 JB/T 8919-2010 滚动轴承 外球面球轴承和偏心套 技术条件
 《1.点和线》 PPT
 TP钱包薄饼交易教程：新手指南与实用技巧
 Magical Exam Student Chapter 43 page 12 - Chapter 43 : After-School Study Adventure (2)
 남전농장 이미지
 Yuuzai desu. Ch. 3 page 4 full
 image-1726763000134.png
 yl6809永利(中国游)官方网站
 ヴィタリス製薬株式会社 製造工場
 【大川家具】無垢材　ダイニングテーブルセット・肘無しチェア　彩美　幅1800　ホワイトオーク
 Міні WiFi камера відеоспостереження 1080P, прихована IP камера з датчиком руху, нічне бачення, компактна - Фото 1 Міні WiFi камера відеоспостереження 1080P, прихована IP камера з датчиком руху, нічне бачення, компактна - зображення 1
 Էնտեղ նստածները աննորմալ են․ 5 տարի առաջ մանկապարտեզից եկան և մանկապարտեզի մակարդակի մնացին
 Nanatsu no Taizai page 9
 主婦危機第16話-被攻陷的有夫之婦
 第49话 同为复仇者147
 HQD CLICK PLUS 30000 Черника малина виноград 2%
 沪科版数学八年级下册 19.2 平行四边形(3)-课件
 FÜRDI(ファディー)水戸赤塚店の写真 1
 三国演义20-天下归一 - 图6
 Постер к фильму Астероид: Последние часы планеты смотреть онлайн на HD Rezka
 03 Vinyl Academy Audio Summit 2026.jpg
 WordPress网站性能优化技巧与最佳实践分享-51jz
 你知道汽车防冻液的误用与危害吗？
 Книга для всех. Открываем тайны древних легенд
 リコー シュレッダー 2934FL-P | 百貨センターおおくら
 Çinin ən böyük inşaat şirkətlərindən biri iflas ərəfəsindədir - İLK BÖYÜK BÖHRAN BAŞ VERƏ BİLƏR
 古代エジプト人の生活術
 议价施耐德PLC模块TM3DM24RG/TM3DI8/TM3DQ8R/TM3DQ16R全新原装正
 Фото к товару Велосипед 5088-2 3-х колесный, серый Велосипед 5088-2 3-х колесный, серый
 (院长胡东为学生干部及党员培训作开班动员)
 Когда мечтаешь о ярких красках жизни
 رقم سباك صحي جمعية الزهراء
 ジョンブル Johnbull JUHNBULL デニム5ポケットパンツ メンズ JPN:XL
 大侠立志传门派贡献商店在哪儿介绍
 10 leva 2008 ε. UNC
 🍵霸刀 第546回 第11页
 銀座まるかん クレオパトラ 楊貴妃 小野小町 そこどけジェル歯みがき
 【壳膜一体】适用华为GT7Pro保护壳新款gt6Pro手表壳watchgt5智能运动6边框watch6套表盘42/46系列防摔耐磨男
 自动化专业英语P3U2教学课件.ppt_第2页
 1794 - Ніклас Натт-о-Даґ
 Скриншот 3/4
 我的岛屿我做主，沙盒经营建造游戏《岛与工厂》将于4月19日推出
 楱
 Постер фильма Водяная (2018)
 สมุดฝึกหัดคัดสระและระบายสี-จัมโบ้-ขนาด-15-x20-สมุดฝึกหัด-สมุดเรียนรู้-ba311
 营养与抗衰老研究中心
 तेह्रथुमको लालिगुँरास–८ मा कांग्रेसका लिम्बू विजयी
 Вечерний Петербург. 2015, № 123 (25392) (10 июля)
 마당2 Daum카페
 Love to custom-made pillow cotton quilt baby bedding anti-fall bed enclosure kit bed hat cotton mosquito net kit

WHAT TO DO: Copy every line of the listing that includes the string "page".

OUTPUT OF THE TASK:
 Magical Exam Student Chapter 43 page 12 - Chapter 43 : After-School Study Adventure (2)
 Yuuzai desu. Ch. 3 page 4 full
 Nanatsu no Taizai page 9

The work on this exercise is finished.